*Exercise*:
Nothing in the listing below should be skipped, so transcribe it all exactly.

----------------

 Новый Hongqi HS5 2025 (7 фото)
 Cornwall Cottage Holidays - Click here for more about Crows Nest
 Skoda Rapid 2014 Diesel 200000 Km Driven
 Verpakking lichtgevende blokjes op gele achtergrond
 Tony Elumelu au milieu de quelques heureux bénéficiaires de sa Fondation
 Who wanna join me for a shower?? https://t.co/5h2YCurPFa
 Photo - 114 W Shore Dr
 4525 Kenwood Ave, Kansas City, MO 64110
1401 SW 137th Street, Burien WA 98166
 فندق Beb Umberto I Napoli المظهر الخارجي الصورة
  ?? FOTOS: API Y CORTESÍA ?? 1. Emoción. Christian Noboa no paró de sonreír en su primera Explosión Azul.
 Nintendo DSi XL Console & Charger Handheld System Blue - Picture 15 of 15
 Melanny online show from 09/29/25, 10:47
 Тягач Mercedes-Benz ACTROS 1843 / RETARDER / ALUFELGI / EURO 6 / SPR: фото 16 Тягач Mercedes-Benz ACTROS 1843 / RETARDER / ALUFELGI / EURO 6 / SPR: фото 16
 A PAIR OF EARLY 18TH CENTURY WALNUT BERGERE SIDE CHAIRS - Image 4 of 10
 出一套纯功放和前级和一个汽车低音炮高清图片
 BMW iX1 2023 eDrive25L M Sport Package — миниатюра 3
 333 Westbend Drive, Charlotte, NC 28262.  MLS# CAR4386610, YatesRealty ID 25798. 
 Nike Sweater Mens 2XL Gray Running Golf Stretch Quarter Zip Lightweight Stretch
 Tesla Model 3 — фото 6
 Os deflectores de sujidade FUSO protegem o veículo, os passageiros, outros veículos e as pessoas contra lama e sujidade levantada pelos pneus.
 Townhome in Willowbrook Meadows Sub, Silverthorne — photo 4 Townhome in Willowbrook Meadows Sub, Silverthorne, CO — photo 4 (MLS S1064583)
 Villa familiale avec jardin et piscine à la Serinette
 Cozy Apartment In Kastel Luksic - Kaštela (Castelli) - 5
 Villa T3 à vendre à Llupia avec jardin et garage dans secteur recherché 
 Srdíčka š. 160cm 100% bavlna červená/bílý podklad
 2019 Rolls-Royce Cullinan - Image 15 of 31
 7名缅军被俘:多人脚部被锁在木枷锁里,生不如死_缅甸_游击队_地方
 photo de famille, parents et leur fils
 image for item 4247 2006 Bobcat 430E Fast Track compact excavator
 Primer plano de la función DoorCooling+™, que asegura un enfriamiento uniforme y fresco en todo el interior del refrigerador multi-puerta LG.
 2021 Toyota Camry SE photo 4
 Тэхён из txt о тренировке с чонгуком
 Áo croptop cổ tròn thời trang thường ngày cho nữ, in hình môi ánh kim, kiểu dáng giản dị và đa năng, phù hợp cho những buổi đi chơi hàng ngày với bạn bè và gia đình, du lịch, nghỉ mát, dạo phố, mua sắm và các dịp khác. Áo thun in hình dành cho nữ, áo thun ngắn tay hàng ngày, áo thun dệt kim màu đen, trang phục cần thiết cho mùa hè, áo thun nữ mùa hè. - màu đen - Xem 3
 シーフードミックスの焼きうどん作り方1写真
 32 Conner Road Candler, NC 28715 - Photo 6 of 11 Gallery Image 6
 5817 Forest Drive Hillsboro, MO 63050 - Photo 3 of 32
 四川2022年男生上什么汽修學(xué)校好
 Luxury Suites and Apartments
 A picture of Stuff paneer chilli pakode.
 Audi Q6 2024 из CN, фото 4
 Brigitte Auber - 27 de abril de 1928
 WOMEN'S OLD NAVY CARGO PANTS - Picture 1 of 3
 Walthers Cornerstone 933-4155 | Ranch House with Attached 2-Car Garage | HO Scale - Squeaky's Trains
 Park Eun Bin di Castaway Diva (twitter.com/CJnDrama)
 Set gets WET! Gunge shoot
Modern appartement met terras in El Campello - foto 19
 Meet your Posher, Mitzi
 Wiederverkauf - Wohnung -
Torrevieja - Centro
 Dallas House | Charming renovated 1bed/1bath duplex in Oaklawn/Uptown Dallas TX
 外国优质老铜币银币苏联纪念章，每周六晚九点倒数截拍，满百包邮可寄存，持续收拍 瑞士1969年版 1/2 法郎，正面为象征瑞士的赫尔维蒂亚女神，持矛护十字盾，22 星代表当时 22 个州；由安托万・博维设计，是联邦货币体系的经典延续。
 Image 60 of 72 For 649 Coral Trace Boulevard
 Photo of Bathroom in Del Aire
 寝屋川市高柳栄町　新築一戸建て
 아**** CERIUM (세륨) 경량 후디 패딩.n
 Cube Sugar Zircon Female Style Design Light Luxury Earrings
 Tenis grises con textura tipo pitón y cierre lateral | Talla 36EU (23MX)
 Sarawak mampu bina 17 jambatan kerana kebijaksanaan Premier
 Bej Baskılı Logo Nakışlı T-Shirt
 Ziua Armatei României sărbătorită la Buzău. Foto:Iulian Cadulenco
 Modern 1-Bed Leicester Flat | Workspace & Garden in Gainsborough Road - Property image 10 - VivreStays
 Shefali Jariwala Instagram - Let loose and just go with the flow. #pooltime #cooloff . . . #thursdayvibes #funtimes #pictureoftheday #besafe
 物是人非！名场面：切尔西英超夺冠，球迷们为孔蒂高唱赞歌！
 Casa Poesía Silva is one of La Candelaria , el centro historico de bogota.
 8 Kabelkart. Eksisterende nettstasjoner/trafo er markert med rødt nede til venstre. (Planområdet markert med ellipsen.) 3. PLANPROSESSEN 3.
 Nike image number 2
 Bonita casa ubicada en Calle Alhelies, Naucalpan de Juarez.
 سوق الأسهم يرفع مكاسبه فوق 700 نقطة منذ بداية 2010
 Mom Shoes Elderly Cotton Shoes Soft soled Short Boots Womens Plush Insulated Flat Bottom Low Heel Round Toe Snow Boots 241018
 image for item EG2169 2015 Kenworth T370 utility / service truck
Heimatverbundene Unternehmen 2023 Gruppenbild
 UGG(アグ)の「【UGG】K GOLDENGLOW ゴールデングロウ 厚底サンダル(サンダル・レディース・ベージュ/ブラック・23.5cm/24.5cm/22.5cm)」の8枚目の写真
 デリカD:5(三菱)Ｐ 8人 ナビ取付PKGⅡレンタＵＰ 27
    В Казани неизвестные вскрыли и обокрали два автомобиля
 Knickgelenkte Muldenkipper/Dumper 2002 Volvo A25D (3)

----------------

*Reply to the task*:
 Новый Hongqi HS5 2025 (7 фото)
 Cornwall Cottage Holidays - Click here for more about Crows Nest
 Skoda Rapid 2014 Diesel 200000 Km Driven
 Verpakking lichtgevende blokjes op gele achtergrond
 Tony Elumelu au milieu de quelques heureux bénéficiaires de sa Fondation
 Who wanna join me for a shower?? https://t.co/5h2YCurPFa
 Photo - 114 W Shore Dr
 4525 Kenwood Ave, Kansas City, MO 64110
1401 SW 137th Street, Burien WA 98166
 فندق Beb Umberto I Napoli المظهر الخارجي الصورة
  ?? FOTOS: API Y CORTESÍA ?? 1. Emoción. Christian Noboa no paró de sonreír en su primera Explosión Azul.
 Nintendo DSi XL Console & Charger Handheld System Blue - Picture 15 of 15
 Melanny online show from 09/29/25, 10:47
 Тягач Mercedes-Benz ACTROS 1843 / RETARDER / ALUFELGI / EURO 6 / SPR: фото 16 Тягач Mercedes-Benz ACTROS 1843 / RETARDER / ALUFELGI / EURO 6 / SPR: фото 16
 A PAIR OF EARLY 18TH CENTURY WALNUT BERGERE SIDE CHAIRS - Image 4 of 10
 出一套纯功放和前级和一个汽车低音炮高清图片
 BMW iX1 2023 eDrive25L M Sport Package — миниатюра 3
 333 Westbend Drive, Charlotte, NC 28262.  MLS# CAR4386610, YatesRealty ID 25798. 
 Nike Sweater Mens 2XL Gray Running Golf Stretch Quarter Zip Lightweight Stretch
 Tesla Model 3 — фото 6
 Os deflectores de sujidade FUSO protegem o veículo, os passageiros, outros veículos e as pessoas contra lama e sujidade levantada pelos pneus.
 Townhome in Willowbrook Meadows Sub, Silverthorne — photo 4 Townhome in Willowbrook Meadows Sub, Silverthorne, CO — photo 4 (MLS S1064583)
 Villa familiale avec jardin et piscine à la Serinette
 Cozy Apartment In Kastel Luksic - Kaštela (Castelli) - 5
 Villa T3 à vendre à Llupia avec jardin et garage dans secteur recherché 
 Srdíčka š. 160cm 100% bavlna červená/bílý podklad
 2019 Rolls-Royce Cullinan - Image 15 of 31
 7名缅军被俘:多人脚部被锁在木枷锁里,生不如死_缅甸_游击队_地方
 photo de famille, parents et leur fils
 image for item 4247 2006 Bobcat 430E Fast Track compact excavator
 Primer plano de la función DoorCooling+™, que asegura un enfriamiento uniforme y fresco en todo el interior del refrigerador multi-puerta LG.
 2021 Toyota Camry SE photo 4
 Тэхён из txt о тренировке с чонгуком
 Áo croptop cổ tròn thời trang thường ngày cho nữ, in hình môi ánh kim, kiểu dáng giản dị và đa năng, phù hợp cho những buổi đi chơi hàng ngày với bạn bè và gia đình, du lịch, nghỉ mát, dạo phố, mua sắm và các dịp khác. Áo thun in hình dành cho nữ, áo thun ngắn tay hàng ngày, áo thun dệt kim màu đen, trang phục cần thiết cho mùa hè, áo thun nữ mùa hè. - màu đen - Xem 3
 シーフードミックスの焼きうどん作り方1写真
 32 Conner Road Candler, NC 28715 - Photo 6 of 11 Gallery Image 6
 5817 Forest Drive Hillsboro, MO 63050 - Photo 3 of 32
 四川2022年男生上什么汽修學(xué)校好
 Luxury Suites and Apartments
 A picture of Stuff paneer chilli pakode.
 Audi Q6 2024 из CN, фото 4
 Brigitte Auber - 27 de abril de 1928
 WOMEN'S OLD NAVY CARGO PANTS - Picture 1 of 3
 Walthers Cornerstone 933-4155 | Ranch House with Attached 2-Car Garage | HO Scale - Squeaky's Trains
 Park Eun Bin di Castaway Diva (twitter.com/CJnDrama)
 Set gets WET! Gunge shoot
Modern appartement met terras in El Campello - foto 19
 Meet your Posher, Mitzi
 Wiederverkauf - Wohnung -
Torrevieja - Centro
 Dallas House | Charming renovated 1bed/1bath duplex in Oaklawn/Uptown Dallas TX
 外国优质老铜币银币苏联纪念章，每周六晚九点倒数截拍，满百包邮可寄存，持续收拍 瑞士1969年版 1/2 法郎，正面为象征瑞士的赫尔维蒂亚女神，持矛护十字盾，22 星代表当时 22 个州；由安托万・博维设计，是联邦货币体系的经典延续。
 Image 60 of 72 For 649 Coral Trace Boulevard
 Photo of Bathroom in Del Aire
 寝屋川市高柳栄町　新築一戸建て
 아**** CERIUM (세륨) 경량 후디 패딩.n
 Cube Sugar Zircon Female Style Design Light Luxury Earrings
 Tenis grises con textura tipo pitón y cierre lateral | Talla 36EU (23MX)
 Sarawak mampu bina 17 jambatan kerana kebijaksanaan Premier
 Bej Baskılı Logo Nakışlı T-Shirt
 Ziua Armatei României sărbătorită la Buzău. Foto:Iulian Cadulenco
 Modern 1-Bed Leicester Flat | Workspace & Garden in Gainsborough Road - Property image 10 - VivreStays
 Shefali Jariwala Instagram - Let loose and just go with the flow. #pooltime #cooloff . . . #thursdayvibes #funtimes #pictureoftheday #besafe
 物是人非！名场面：切尔西英超夺冠，球迷们为孔蒂高唱赞歌！
 Casa Poesía Silva is one of La Candelaria , el centro historico de bogota.
 8 Kabelkart. Eksisterende nettstasjoner/trafo er markert med rødt nede til venstre. (Planområdet markert med ellipsen.) 3. PLANPROSESSEN 3.
 Nike image number 2
 Bonita casa ubicada en Calle Alhelies, Naucalpan de Juarez.
 سوق الأسهم يرفع مكاسبه فوق 700 نقطة منذ بداية 2010
 Mom Shoes Elderly Cotton Shoes Soft soled Short Boots Womens Plush Insulated Flat Bottom Low Heel Round Toe Snow Boots 241018
 image for item EG2169 2015 Kenworth T370 utility / service truck
Heimatverbundene Unternehmen 2023 Gruppenbild
 UGG(アグ)の「【UGG】K GOLDENGLOW ゴールデングロウ 厚底サンダル(サンダル・レディース・ベージュ/ブラック・23.5cm/24.5cm/22.5cm)」の8枚目の写真
 デリカD:5(三菱)Ｐ 8人 ナビ取付PKGⅡレンタＵＰ 27
    В Казани неизвестные вскрыли и обокрали два автомобиля
 Knickgelenkte Muldenkipper/Dumper 2002 Volvo A25D (3)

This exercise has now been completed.